2.3. Hybrid Approaches: Combining Retrieval and Generation
The limitations of purely generative and retrieval-based systems have motivated the development of hybrid approaches that combine the strengths of both paradigms. Early attempts, such as REALM and ORQA, introduced retrieval-augmented pre-training to jointly optimize retrieval and generation tasks [3-5]. These models demonstrated the potential of integrating external knowledge into generative models but were limited by their two-stage training pipelines and computational inefficiency.
This paper’s work builds on these advancements by proposing RAG, a framework that seamlessly integrates retrieval and generation in an end-to-end manner. Unlike previous approaches, RAG jointly optimizes the retriever and generator components, allowing the model to dynamically retrieve and utilize relevant knowledge while maintaining the flexibility and fluency of generative models.
3. Methods
In this section, this paper presents the architecture and implementation details of RAG framework, which integrates a retrieval mechanism with a generative model to dynamically access external knowledge and generate contextually appropriate responses. The evaluation focuses on three key aspects:
This paper first assesses the performance of RAG in comparison to purely generative models and traditional retrieval-based systems, aiming to highlight the advantages of combining retrieval and generation capabilities. Then this paper tests the effectiveness of RAG in handling knowledge-intensive tasks, such as open-domain question answering and dialogue generation, to demonstrate its ability to leverage external knowledge for improved accuracy and relevance. Finally, this paper analyzes the key factors that contribute to RAG's performance, including the interaction between the retriever and generator components, to provide insights into the framework's strengths and potential areas for improvement. In this paper, the RAG-Sequence as the RAG method.
3.1. Models
The framework consists of two main components, a retriever that retrieves the most similar paragraph from an external knowledge base and a generator that combines the retrieved paragraph with the question query and generates a fluent response.
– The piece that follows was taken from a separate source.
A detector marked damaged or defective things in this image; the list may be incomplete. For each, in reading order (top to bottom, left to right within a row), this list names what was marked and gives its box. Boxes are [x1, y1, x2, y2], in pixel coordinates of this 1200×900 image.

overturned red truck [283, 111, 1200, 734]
For each question query, the model uses the corresponding paragraph to generate the complete sequence. For a given input query \( q \) , the retriever retrieves a set of relevant passages \( P=\lbrace {p_{1}}, {p_{2}}, ⋯, {p_{k}}\rbrace \) from a large-scale knowledge corpus. Then the generator takes the query \( q \) and the retrieved passage \( P \) as input, and generates an output response \( r \) .
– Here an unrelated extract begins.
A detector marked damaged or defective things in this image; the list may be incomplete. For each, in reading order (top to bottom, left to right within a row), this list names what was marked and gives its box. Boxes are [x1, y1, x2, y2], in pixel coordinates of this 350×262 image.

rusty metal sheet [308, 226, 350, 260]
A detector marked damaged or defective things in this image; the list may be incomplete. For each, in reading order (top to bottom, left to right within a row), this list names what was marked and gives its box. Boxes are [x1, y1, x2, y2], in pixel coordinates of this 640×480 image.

The retriever and generator are jointly optimized in an end-to-end manner, allowing the model to learn how to effectively retrieve and utilize external knowledge.
3.2. Retriever: Dense Passage Retrieval (DPR)
The retriever identifies and retrieves the most relevant document from a knowledge corpus. This paper employs a DPR based on a dual-encoder architecture [6]:
For query encoder, this paper encodes the input query \( q \) into a dense vector \( q \) , and uses BERT as the transformer-based encoder. For passage encoder, this paper encodes each passage \( {p_{i}} \) into a dense vector \( {p_{i}} \) using the same separate transformer-based encoder as the query encoder. For similarity scoring, this paper computes the similarity of a passage \( {p_{i}} \) between the query \( q \) as the dot product of their embeddings:
\( score(q, {p_{i}}) = {q^{⊺}}{p_{i}} \) (1)
3.3. Generator: GPT-3.5-Turbo
The generator is responsible for synthesizing the retrieved documents into a coherent response. This paper applies GPT-3.5-turbo, a sequence-to-sequence (Seq2Seq) architecture based on a pre-trained language model [7]. This paper concatenates the question query \( q \) and retrieved passage \( , \) together. GPT-3.5-turbo was pre-trained with a denoising objective and a variety of noise functions. It has achieved state-of-the-art results across a range of generation tasks and outperforms models of similar size.
4. Experiments
To evaluate the performance of RAG, this paper experiments with a wide range of knowledge-intensive questions. For the experiments, this paper uses the related websites from the dataset. Each website is split into disjoint 100-word chunks. During training, this paper retrieves the most similar chunk for each query. This paper now discusses experimental details for each task.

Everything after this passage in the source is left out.